An example of which Busch should be wary is Michael Waltrip Racing, which went into Cup way beyond its capabilities in 2007. The team entered three cars that year as the flagship team in Toyota’s entry into Cup racing. Waltrip himself spent the first third of the season 27 points behind the continent of Africa, having accrued 73 points in Daytona, a 100-point penalty for loading his Toyota with jet fuel, and a streak of a dozen DNQs afterwards. Young gun David Reutimann and former champion Dale Jarrett weren’t much better. Busch, Malsam, and Benson could easily correspond to Waltrip, Reutimann, and Jarrett if things start going wrong early.
What Busch does have going for him, however, is that Toyota has never been as abysmal in the Truck series as it was in its first year of Cup racing. Unlike Waltrip, who used Harvick’s philosophy of building everything from scratch (albeit on a much grander scale), Busch is inheriting an existing team and infrastructure, one which has won races and a championship in the past, and is entering a much less competitive series. Also unlike Waltrip, Busch has been no slouch in the series he’s entering, having won plenty of Truck races over the past few years.
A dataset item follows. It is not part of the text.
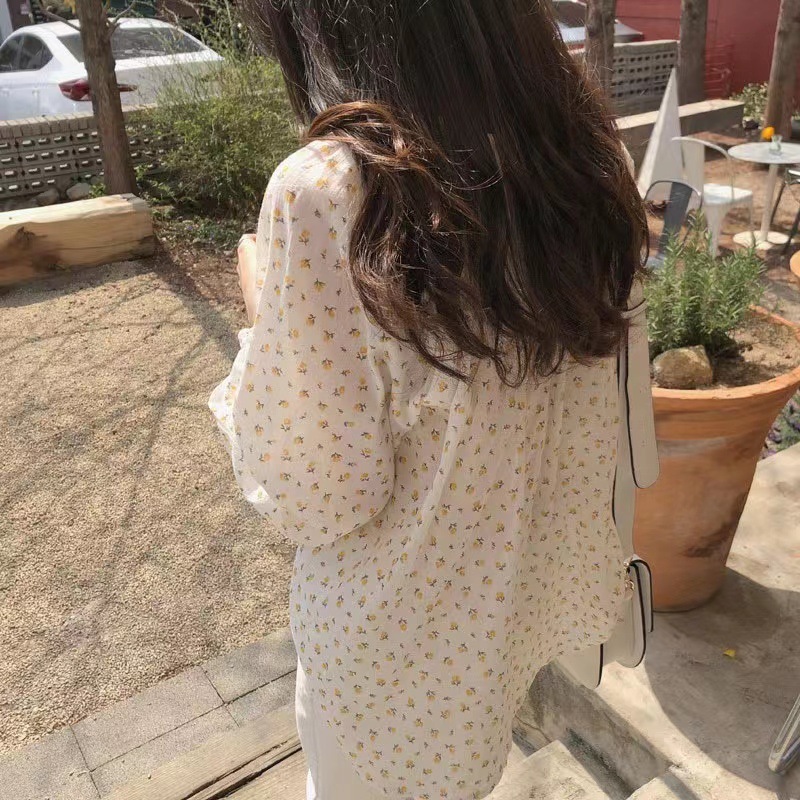 Stella Fashion Korean Style Women Ladies Loose Chiffon Floral Long Sleeve Shirt Blouse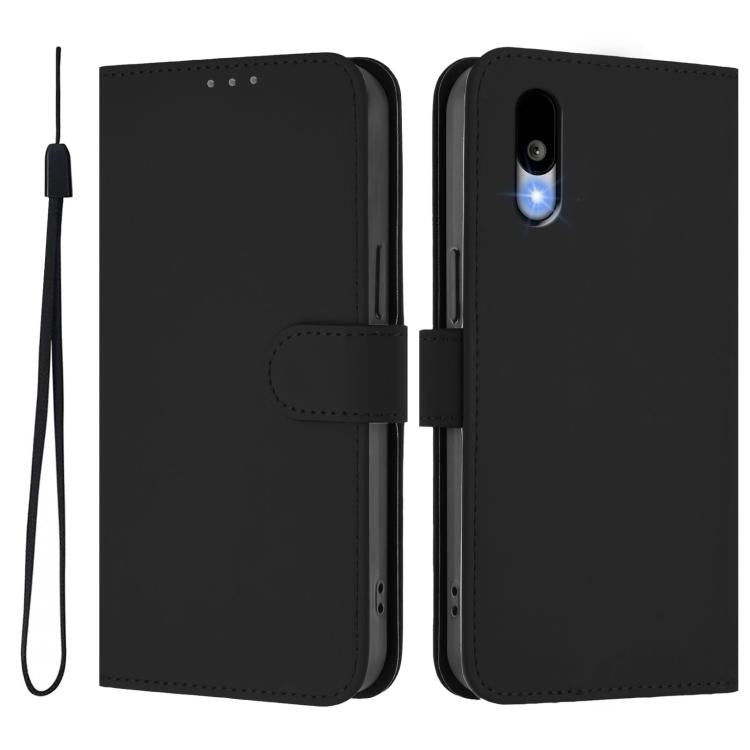 For Sharp Basio Active3 Skin Feel Solid Color Leather Phone Case with Lanyard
Regardless of how the 2010 season actually plays out for Kyle Busch Motorsports, the Camping World Truck Series will be far more interesting for its inception. We could see one of the most successful debut years in motorsports history, on par with Brawn GP in F1 in 2009, with the new team doing everything right and finding great success. Of course, we could also see a catastrophic beginning akin to Waltrip’s first year as a Cup series owner, with the team suffering a handful of setbacks, missing numerous races, and generally disappointing all year.
I’m predicting something close to the former, but unlike the Cup series, it’s a little harder to predict what happens in trucks.